Il est donc important de mettre le «S» d’ESG au premier plan. Les investisseurs ont fait beaucoup pour orienter leur portefeuille d’après les objectifs zéro émission nette du réchauffement climatique. Mais désormais, nous devons nous concentrer davantage sur les problèmes sociaux actuels pour s’assurer que la transition future vers une économie à faibles émissions de carbone soit juste. Les investisseurs doivent juger de plus en plus l’importance attribuée par les entreprises à leurs propres ressources humaines et aux conséquences de leurs agissements sur une grande partie de la population. La prise en compte de la diversité et de l’inclusion, des différences de salaires entre hommes et femmes, la qualité des packs de prestations, des réactions aux plaintes des salariés, des formations et des services sociaux tout comme de nombreux autres facteurs sont donc aussi importants que la compréhension de l’empreinte carbone. Ceci a un aspect local et global. Nous devons faire très attention aux conséquences des chaînes d’approvisionnement globales complexes sur les droits des salariés et la communauté.

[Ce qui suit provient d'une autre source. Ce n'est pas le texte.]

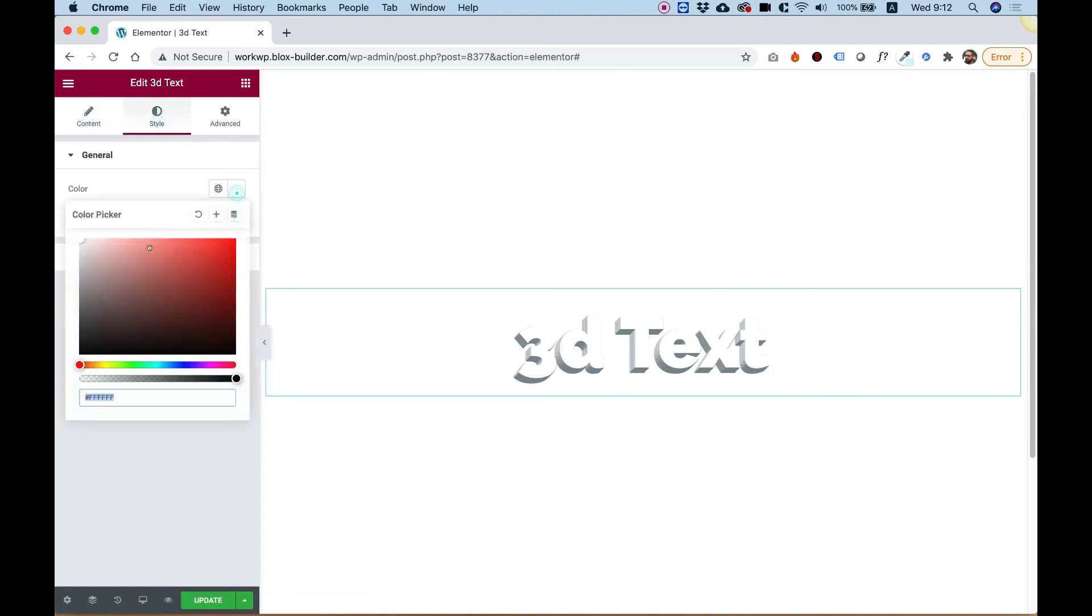And again, I'm saying that some of these might look a bit better if you change the color a little bit. So you can play around with this and have fun.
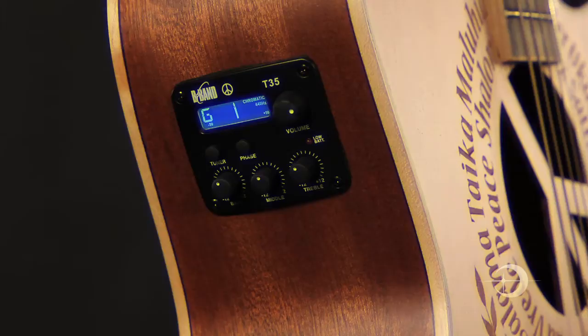This guitar is powered by a V-band T35 preamp with built-in tuner, phase, volume, and 3-band EQ.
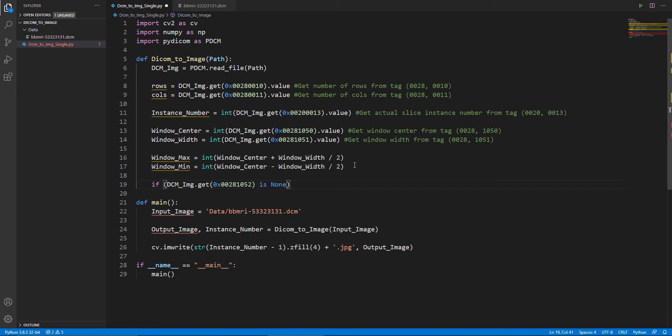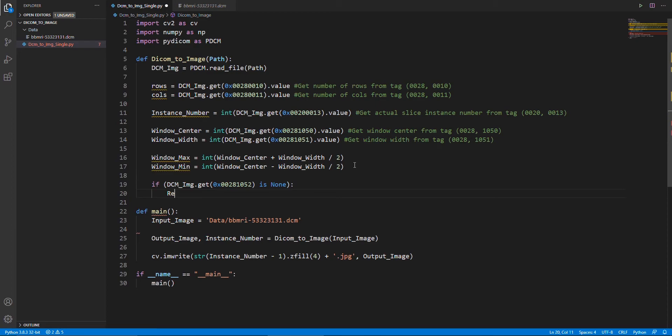After that, we will further get information about rescale intercept and rescale slope from the tags with the conditions shown here.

L’inégalité, le germe du populisme?

L’inégalité engendre la colère, et cette colère peut être dirigée dans une direction politique. De nombreux commentateurs sont d’avis que la reprise inégale après la crise financière internationale a semé le germe du populisme que nous avons pu observer ces dix dernières années. Il pourrait arriver la même chose dans la période post-covid. Les efforts entrepris pour créer un futur plus durable et plus juste pourraient être compromis. En Grande-Bretagne, il existe des rumeurs concernant des groupes qui s’engagent en faveur d’un référendum sur les plans à zéro émission du gouvernement. La contre-réaction aux vaccins contre le Covid et aux restrictions pourrait aussi persuader ceux qui, après la disruption des deux dernières années, ont l’impression d’être abandonnés.

Leaders politiques

Les investisseurs doivent être attentifs et veiller à investir dans des entreprises qui s’occupent de leur effectif et offrent des possibilités de formation et de développement personnel, avec l’égalité des chances. Les gouvernements aussi doivent se concentrer davantage sur les faits relativement évidents: Le peuple doit payer plus cher pour les carburants provenant de sources d’énergie dont l’exploitation doit être limitée dans le temps mais dont l’efficience énergétique doit être améliorée. En même temps, les entreprises qui fournissent l’énergie locale, enregistrent des bénéfices record. Cela ne veut pas dire qu’il faut augmenter les impôts sur les fournisseurs d’énergie. Toutefois, les gouvernements doivent être attentifs. La révolution verte est une affaire de coeur et de raison, et si les citoyens croient que cela va coûter encore plus cher, les objections politiques au progrès vont augmenter.

E & S à part égale

Nous avons toujours cru que la révolution verte peut avoir un important aspect social en engendrant une baisse des coûts de l’énergie, une activité économique décentralisée tout comme de nouvelles opportunités et de nouveaux postes de travail. En tant qu’investisseur, nous nous concentrons sur les entreprises qui se transforment et dans les nouvelles technologies. Nous devrions donc garder en vue ce que cela signifie pour les salariés actuels et futurs, les communautés dans lesquelles ils vivent.